What needs to be done
Lines in the listing below that hold "Round" are the ones to copy.

=== Begin Enclosure ===

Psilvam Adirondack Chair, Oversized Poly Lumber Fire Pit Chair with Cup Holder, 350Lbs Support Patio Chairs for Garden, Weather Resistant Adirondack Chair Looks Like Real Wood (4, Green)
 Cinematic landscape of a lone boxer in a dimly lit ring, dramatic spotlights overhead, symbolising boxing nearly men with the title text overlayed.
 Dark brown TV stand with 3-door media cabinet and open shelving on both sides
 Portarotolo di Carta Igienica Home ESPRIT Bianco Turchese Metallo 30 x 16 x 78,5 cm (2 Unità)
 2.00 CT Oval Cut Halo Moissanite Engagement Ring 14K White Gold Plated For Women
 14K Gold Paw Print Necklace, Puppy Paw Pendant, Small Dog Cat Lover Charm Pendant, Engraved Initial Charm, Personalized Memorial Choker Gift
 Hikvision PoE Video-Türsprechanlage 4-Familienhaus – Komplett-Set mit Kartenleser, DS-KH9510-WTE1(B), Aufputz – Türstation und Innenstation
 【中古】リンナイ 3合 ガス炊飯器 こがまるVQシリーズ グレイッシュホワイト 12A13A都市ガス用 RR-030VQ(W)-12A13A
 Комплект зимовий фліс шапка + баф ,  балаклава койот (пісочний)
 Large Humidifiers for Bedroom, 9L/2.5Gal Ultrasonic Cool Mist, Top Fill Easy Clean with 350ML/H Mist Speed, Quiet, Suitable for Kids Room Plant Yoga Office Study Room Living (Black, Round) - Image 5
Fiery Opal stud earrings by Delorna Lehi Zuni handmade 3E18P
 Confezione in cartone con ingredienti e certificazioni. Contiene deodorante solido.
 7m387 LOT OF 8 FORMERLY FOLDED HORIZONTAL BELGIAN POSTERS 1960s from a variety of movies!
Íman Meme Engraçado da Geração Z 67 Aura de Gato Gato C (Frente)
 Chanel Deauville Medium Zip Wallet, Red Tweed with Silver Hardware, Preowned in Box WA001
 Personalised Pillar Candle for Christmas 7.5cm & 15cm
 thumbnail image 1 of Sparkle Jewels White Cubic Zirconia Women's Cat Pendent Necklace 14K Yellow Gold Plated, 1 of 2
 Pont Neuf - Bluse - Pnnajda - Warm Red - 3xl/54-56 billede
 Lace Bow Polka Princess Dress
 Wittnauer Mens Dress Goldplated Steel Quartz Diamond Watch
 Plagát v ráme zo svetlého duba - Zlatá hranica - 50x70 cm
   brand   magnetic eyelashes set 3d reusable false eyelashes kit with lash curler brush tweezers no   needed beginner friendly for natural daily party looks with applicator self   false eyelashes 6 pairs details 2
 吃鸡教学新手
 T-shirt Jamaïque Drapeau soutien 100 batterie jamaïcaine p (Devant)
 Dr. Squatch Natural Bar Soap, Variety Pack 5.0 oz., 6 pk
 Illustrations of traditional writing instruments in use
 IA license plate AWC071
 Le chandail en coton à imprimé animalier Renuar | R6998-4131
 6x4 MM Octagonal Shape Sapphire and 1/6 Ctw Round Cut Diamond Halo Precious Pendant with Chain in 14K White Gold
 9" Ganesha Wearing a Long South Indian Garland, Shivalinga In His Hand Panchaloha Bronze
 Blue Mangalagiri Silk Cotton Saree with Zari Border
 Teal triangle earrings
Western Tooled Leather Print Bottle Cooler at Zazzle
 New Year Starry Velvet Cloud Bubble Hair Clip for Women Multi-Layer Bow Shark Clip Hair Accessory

=== End Enclosure ===

Solution for this exercise
 Large Humidifiers for Bedroom, 9L/2.5Gal Ultrasonic Cool Mist, Top Fill Easy Clean with 350ML/H Mist Speed, Quiet, Suitable for Kids Room Plant Yoga Office Study Room Living (Black, Round) - Image 5
 6x4 MM Octagonal Shape Sapphire and 1/6 Ctw Round Cut Diamond Halo Precious Pendant with Chain in 14K White Gold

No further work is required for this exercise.